---------- RECORDS PROVIDED

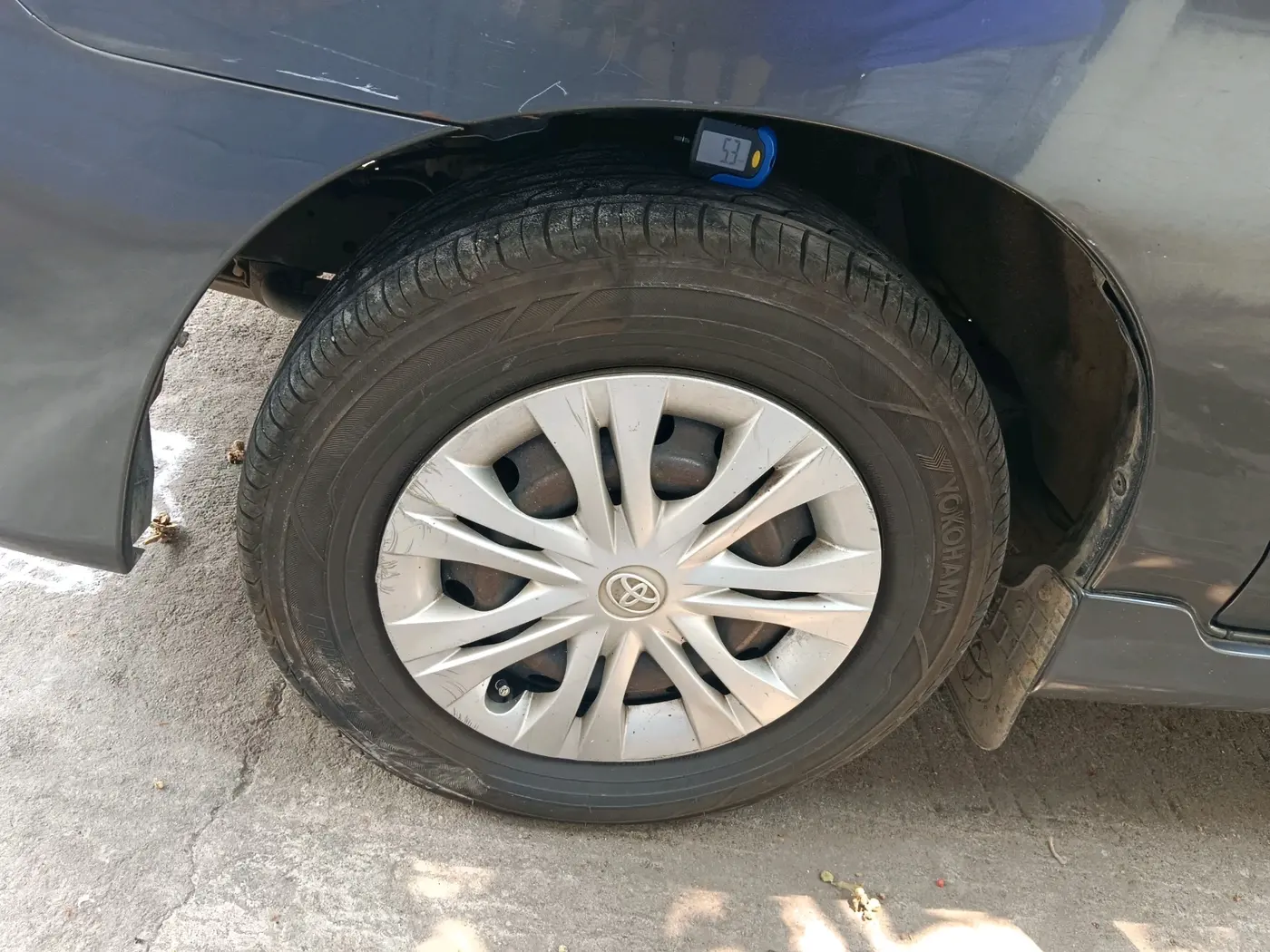 2015 Toyota Innova 2.5 GX 8 STR, Diesel, Manual, 2,92,203 km, tyre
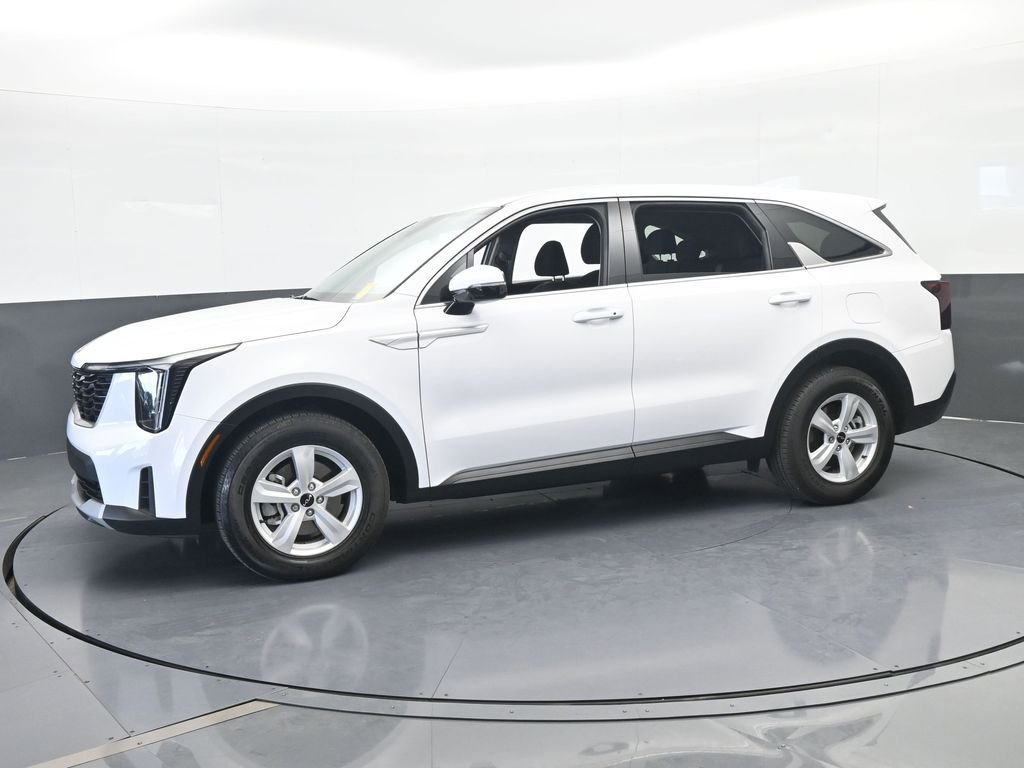 Used 2025 Kia Sorento LX image 2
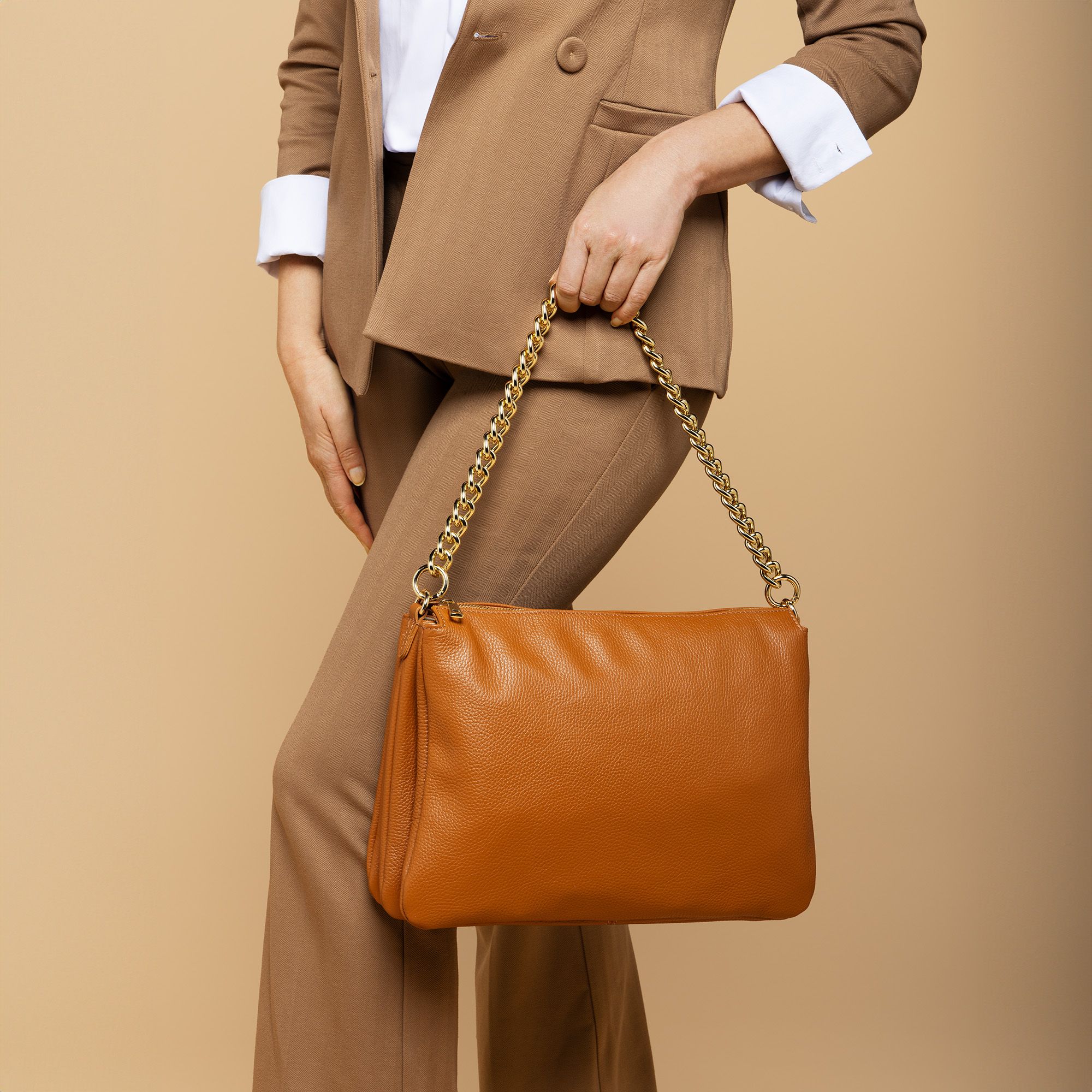 Chiara Ferretti
Borsa a spalla
in pelle dollaro
con manico in catena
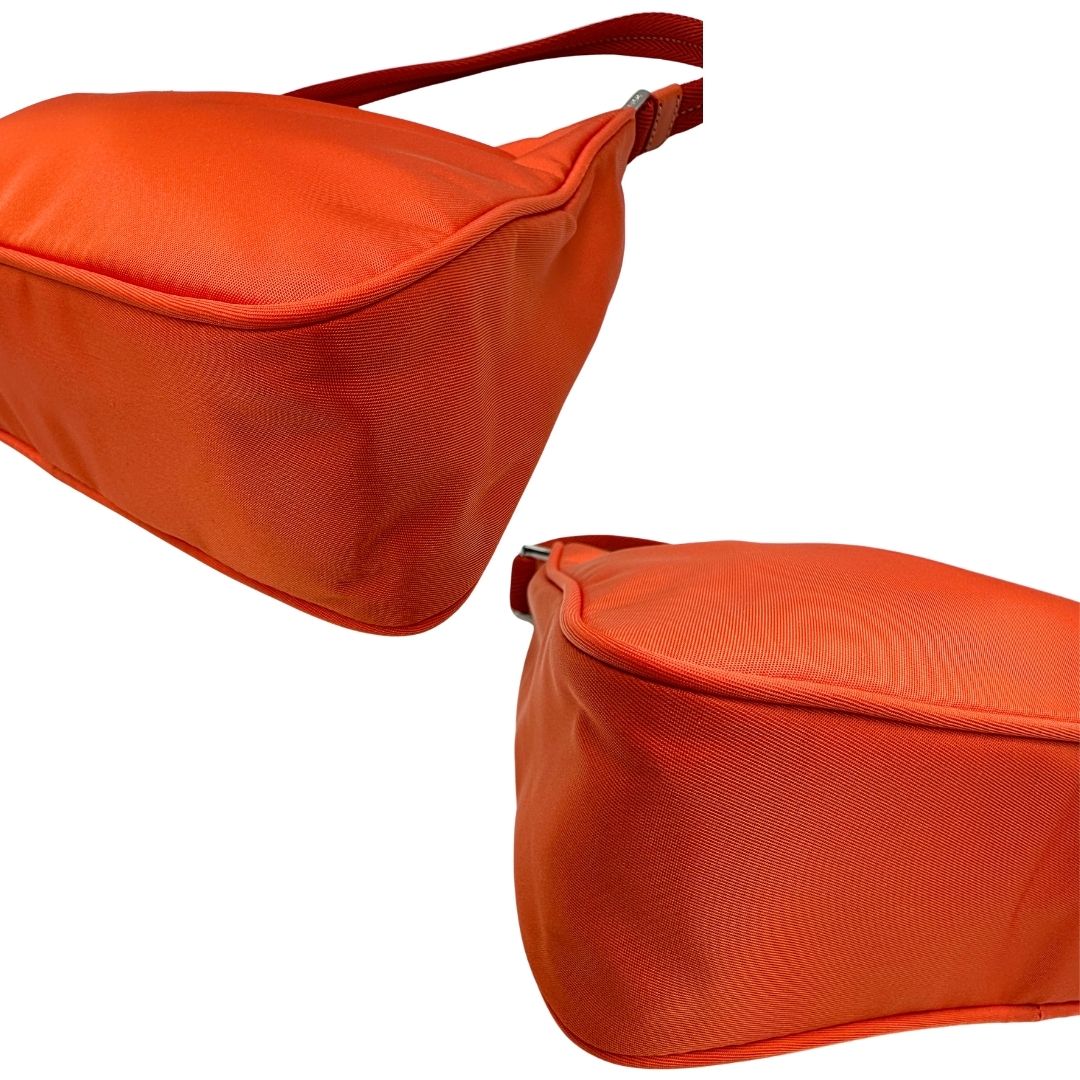 Angoli di una borsa a spalla Prada in nylon arancione con dettagli in pelle Saffiano tono su tono e parti metalliche argentate, usata, originale, second hand, in condizioni eccellenti.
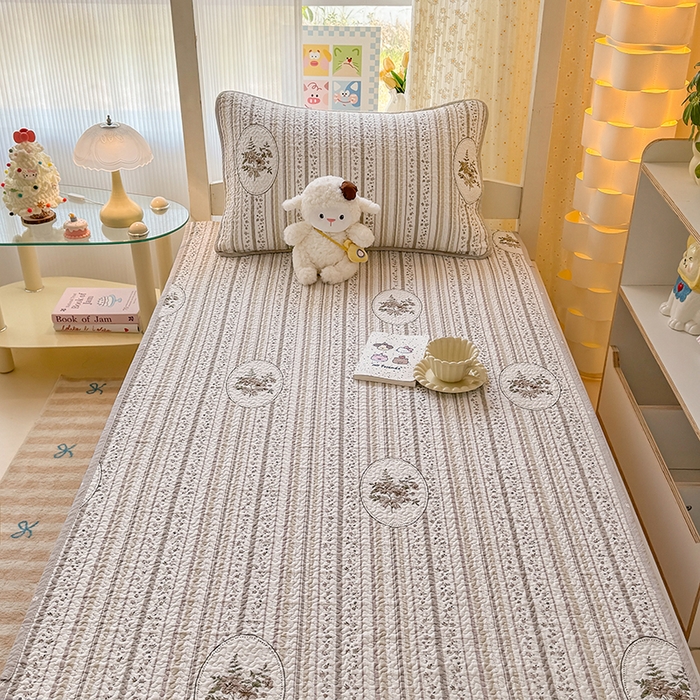 91家纺网 家纺一手货源 找家纺 期遇家居 2025新款13372全棉印花学生床盖双面纯棉宿舍床盖 卡茜欧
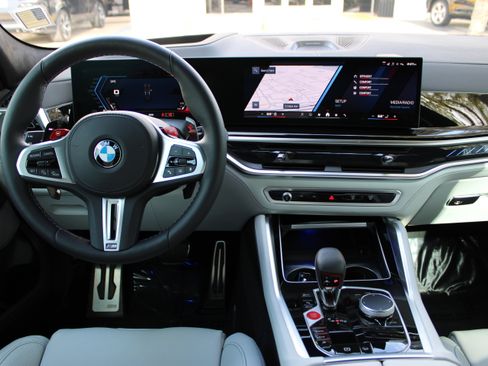 Used 2026 BMW X6 M Competition w/ Executive Package image 29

--------------------

Exactly as written, restate the lines from the one that contains "Used 2025 Kia Sorento LX image 2" through the final line of the data, both ends included, but leave out the pictures.

### TASK ANSWER
 Used 2025 Kia Sorento LX image 2
 Chiara Ferretti
Borsa a spalla
in pelle dollaro
con manico in catena
 Angoli di una borsa a spalla Prada in nylon arancione con dettagli in pelle Saffiano tono su tono e parti metalliche argentate, usata, originale, second hand, in condizioni eccellenti.
 91家纺网 家纺一手货源 找家纺 期遇家居 2025新款13372全棉印花学生床盖双面纯棉宿舍床盖 卡茜欧
 Used 2026 BMW X6 M Competition w/ Executive Package image 29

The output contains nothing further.